1. first they try to inject/extract using a custom carrier that represents tracing context as 4 fixed numeric fields. If the tracer understands that Format and carrier type (as Jaeger's tracer does), then the more efficient path is chosen by the instrumentation to encode those fields into the message.
2. if the tracer says it does not support that format/carrier (in Go there's an unsupported carrier format error code that tracer can return), then the instrumentation uses TextMap format/carrier to encode the span context as arbitrary key/value pairs that are then stored in the message headers.

There was a sticky point about the interface of the carrier. In Go it wasn't much of a problem due to duck typing. In Python/Java we simply used a dict/Map as the carrier to pass the 4 fields.

Another concrete examples of custom carriers often arrises in Java, where various http frameworks use different types to represent http request. So what most instrumentations do is use the TextMap (or rather HttpHeaders) OT format with a wrapper around the specific framework's http request type that masquerades that request object as the standard text map OT carrier.

[jquinn47]

Trying to keep the conversation here, but this is a response to @yurishkuro comment on #7:

This is rehashing what we discussed yesterday.

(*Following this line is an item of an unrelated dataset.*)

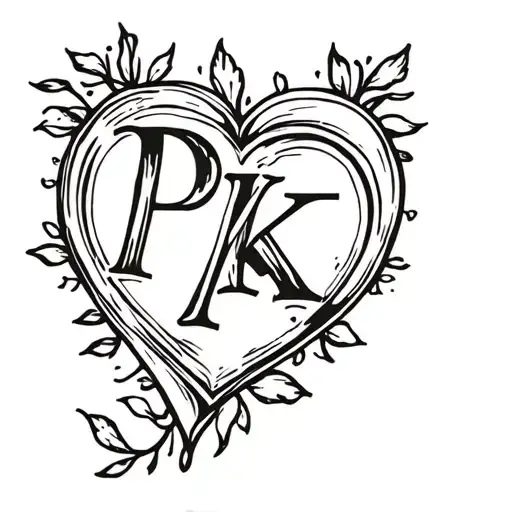 Heart With Initials P K Name Letter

The problem with the approach your suggesting, in a statically built language like C++, is that we have a problem the way the libraries are physically laid out. If I have a tracer that needs to know about different carriers, today, we're asked to write this:

#include <redcarrier.h>
#include <bluecarrier.h>

Tracer::inject(Carrier * c, span* s){
   if(RedCarrier * rc = dynamic_cast<RedCarrier*>(c)){
    ... 
   }
  else if (BluCarrier * bc = dynamic_cast<BlueCarrier*>(c){
    ... 
  } 
  else if (TextMapCarrier * tmc = dynamic_cast<TextMapCarrier*>(tmc){
     ...
  }
}

This library is going to be built one of two ways:

1: The tracer defines the carriers in its implementation
2: The tracer uses carriers defined outside of its implementation

In both situations, we have real world build problems with this library at scale.

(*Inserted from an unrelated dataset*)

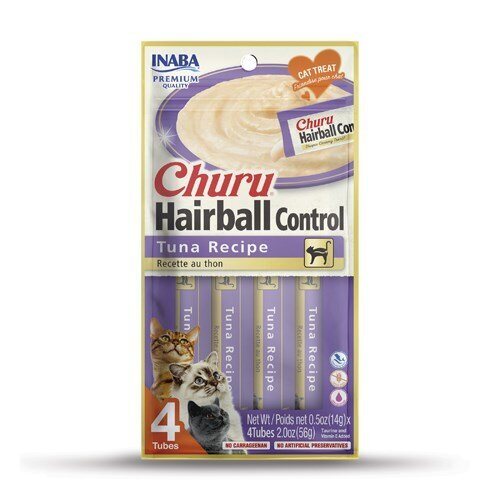 Skanėstas katėms CHURU Hairball, su tunu, 4 vnt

In case 1, If I have an application that only sends 'Blue' messages, but I want the tracer implementation, I'm now forced to link against all of the different carrier libraries that the tracer needs.

Using your concrete example, If you only had tchannel in use in your applications, but the tracer implementation also supported protobuf-over-tcp carriers, would you want to link against that library?

In case 2, if the tchannel carrier is defined outside of the tracer implementation, the tracer still needs to link against it.

Now we have link lines that start to look like: -ltracer -ltchannel -lprotobuf-over-tcp -ltracer.
This circular dependency is a rats nest, and clients are still forced to link against a whole bunch of libraries, they'll probably never need.

Now what I did in #7 was try to do what @jmacd was suggesting. Push those details into the carriers, so that the link lines look more appropriate for your task -ltracer -ltchannel. Since -lprotobuf-over-tcp is never used in your app, you don't need to link against it.

[jquinn47]

Now, ignoring the CRTP vs virtual debate, I believe their is a fundamental problem with the spec.

I have not yet seen how a migration path should work for switching out tracer implementations at scale. A lot of our discussion has been to about features used to accomodate this use case, but I don't see a clean way to pull it off. The demos are nifty to test a corner of the interface, but I'd posit they're not practical at scale, once multiple applications begin communicating with each other over a set protocol.

Say we're using zipkin today. We have installed it into 10k+ applications, all of which are built and deployed on different time frames. Now we want to switch to jaeger, for whatever reason.

For this to work, we first need a multiplexing tracer. All of the original tasks need to be rebuilt with a multiplexor first, but only using zipkin. We need to do this so the tracer implementation can start to understand what it means to receive multiple in-band representations of a span over the wire.

Now once everyone has that linked in, we can start to make jaeger optional, and continue to require zipkin information. This is when carrier code will start to get funky. The semantics of what to do if one tracer works but another fails are still undefined, but lets assume that they're both working.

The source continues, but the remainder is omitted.